There’s the CIM, the crazy Oregon make-a-sandwich-and-graduate stuff!

Employers are getting sucked in by the opportunity for cheap teenage labor, and the kids are getting sucked away from their birthright – a good, complete, well-rounded, challenging liberal-arts education that will maximize their opportunity for higher education, a good career and a happy life as a solid citizen.

It’s enough to make me want to strip off my shirt and march topless in front of the Capitol in Lincoln until somebody puts a stop to this sort of thing.

With my luck, they’d arrest me for indecent exposure. And unlike any of those revolting bureaucrats in Oregon – and I do mean revolting – who ignored the nudists in downtown Portland, here in Nebraska they’d probably throw me in jail.

With my luck, they’d probably put me in the Nebraska Women’s Prison, which happens to be in . . . drum roll, please . . . York.

But then again, not to worry. Nebraska’s taxpayers have had enough, just like Oregon’s. They’re likely to ix-nay new tax increases. At least, I hope so. But then, Nebraska’s bureaucrats are just as used to living high on the hog as Oregon’s. They are likely to revolt just like Oregon’s and let loose their prisoners as a political statement. Including, I would hope, me.

So it’ll all work out in the end, somehow.

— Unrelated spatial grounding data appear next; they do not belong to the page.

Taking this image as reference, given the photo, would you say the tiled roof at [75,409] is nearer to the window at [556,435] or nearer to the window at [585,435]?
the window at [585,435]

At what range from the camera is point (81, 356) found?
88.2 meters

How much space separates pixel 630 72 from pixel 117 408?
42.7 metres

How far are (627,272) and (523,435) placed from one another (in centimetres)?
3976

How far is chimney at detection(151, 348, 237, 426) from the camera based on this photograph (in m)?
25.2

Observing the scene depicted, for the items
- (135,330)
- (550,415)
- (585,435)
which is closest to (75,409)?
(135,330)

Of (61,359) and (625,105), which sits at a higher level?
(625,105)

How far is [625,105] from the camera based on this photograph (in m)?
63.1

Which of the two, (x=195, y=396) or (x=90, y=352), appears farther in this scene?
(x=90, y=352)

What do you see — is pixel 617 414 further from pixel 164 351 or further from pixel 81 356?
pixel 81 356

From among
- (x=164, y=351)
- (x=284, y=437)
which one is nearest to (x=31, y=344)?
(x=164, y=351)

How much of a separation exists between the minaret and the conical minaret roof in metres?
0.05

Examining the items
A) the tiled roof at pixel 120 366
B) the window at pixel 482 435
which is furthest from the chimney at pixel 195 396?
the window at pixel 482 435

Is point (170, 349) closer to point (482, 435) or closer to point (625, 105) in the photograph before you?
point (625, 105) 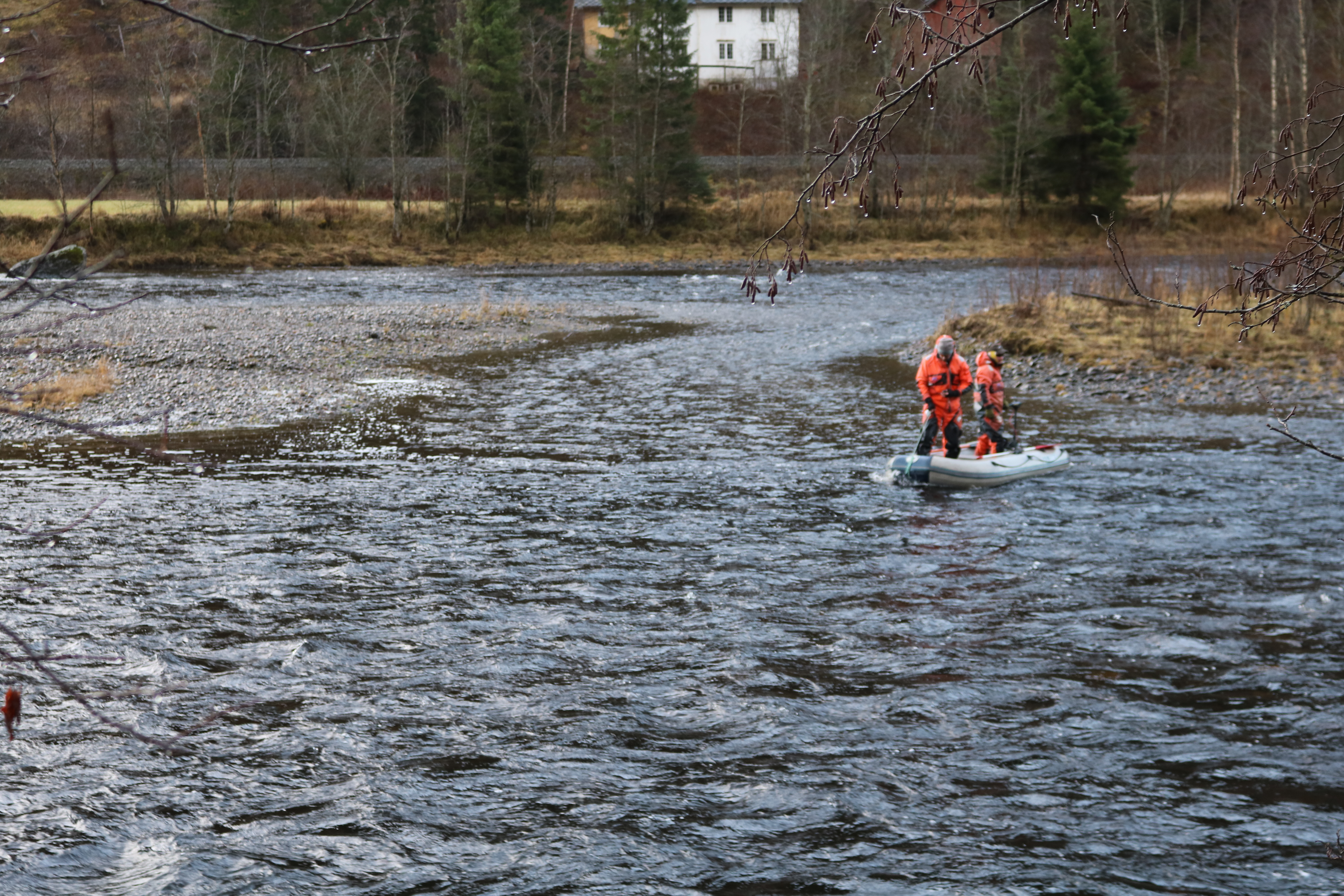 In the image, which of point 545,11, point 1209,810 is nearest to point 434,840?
point 1209,810

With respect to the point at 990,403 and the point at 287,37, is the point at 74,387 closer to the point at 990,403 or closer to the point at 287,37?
the point at 990,403

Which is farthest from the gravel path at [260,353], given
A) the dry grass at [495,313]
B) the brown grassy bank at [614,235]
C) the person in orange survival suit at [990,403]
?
the brown grassy bank at [614,235]

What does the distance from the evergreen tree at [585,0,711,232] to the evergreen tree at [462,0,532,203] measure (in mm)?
3670

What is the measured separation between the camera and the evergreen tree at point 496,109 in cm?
5028

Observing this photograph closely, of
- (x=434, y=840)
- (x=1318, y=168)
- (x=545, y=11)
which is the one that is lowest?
(x=434, y=840)

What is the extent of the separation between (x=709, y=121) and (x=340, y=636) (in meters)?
61.6

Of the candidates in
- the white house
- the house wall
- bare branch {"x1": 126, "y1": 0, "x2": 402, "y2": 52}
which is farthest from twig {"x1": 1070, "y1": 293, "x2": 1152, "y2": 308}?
the house wall

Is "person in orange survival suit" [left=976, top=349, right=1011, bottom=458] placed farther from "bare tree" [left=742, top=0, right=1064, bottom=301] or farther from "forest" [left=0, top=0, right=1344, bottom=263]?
"forest" [left=0, top=0, right=1344, bottom=263]

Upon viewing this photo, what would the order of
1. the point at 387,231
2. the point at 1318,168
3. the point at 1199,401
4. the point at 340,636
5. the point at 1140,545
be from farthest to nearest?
the point at 387,231 < the point at 1199,401 < the point at 1140,545 < the point at 340,636 < the point at 1318,168

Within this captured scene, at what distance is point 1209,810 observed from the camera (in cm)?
666

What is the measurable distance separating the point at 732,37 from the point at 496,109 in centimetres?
2685

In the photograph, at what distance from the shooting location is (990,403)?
14961 mm

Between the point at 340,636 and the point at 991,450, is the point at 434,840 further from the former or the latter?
the point at 991,450

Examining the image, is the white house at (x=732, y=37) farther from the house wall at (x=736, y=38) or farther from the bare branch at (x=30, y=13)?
the bare branch at (x=30, y=13) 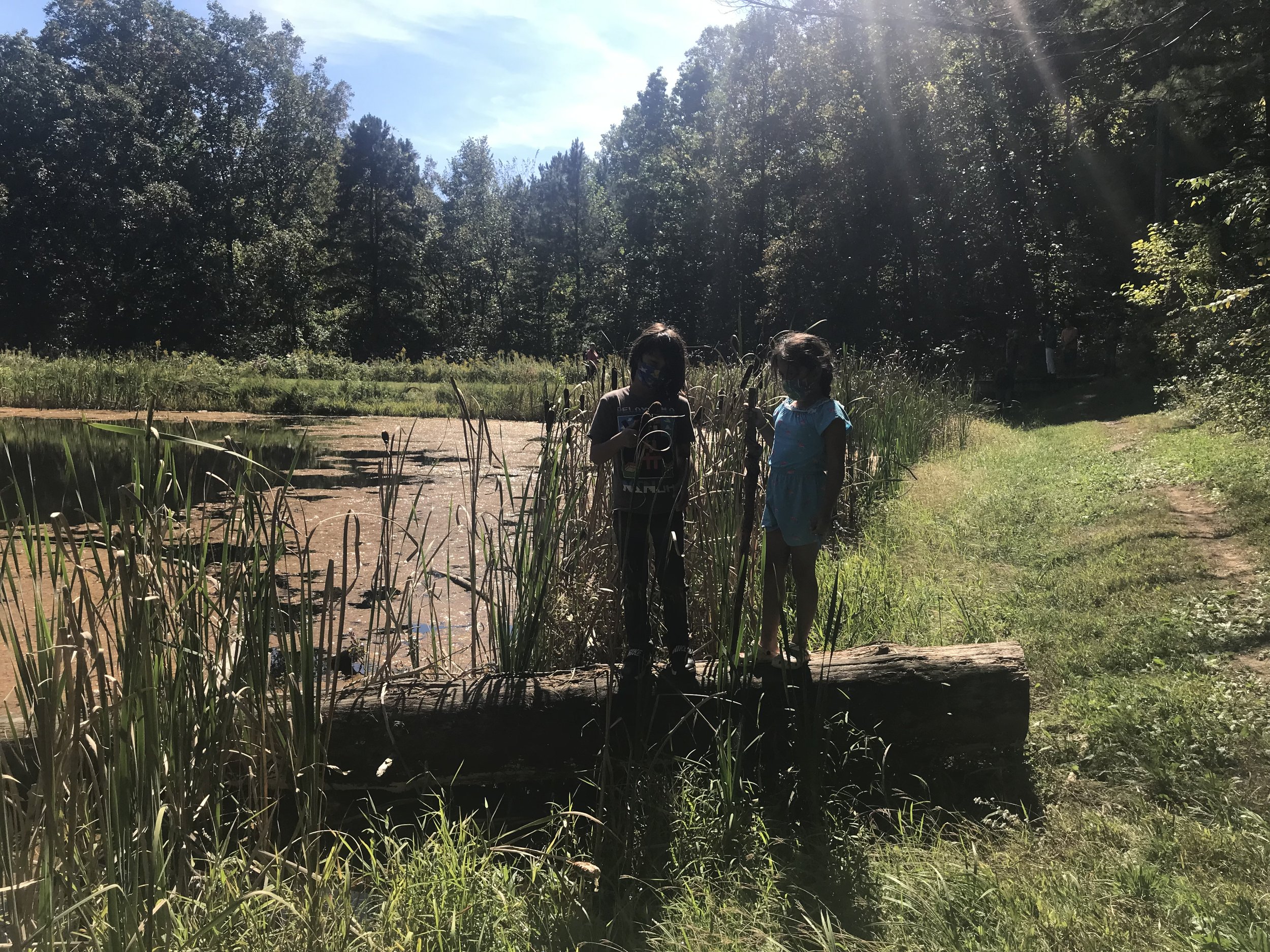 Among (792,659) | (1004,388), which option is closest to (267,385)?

But it sure would be easier on my nerves AND the sensitivities of capital city pedestrians who don’t want to see me do what I just threatened to do, if we would just hold the line on school spending, make sensible reductions in state aid to schools, get rid of all that statewide standard and assessment stuff, and fight off OBE and STW before things get too “Oregon-y” around here.

Anybody want to toast that with a tall glass of prune juice?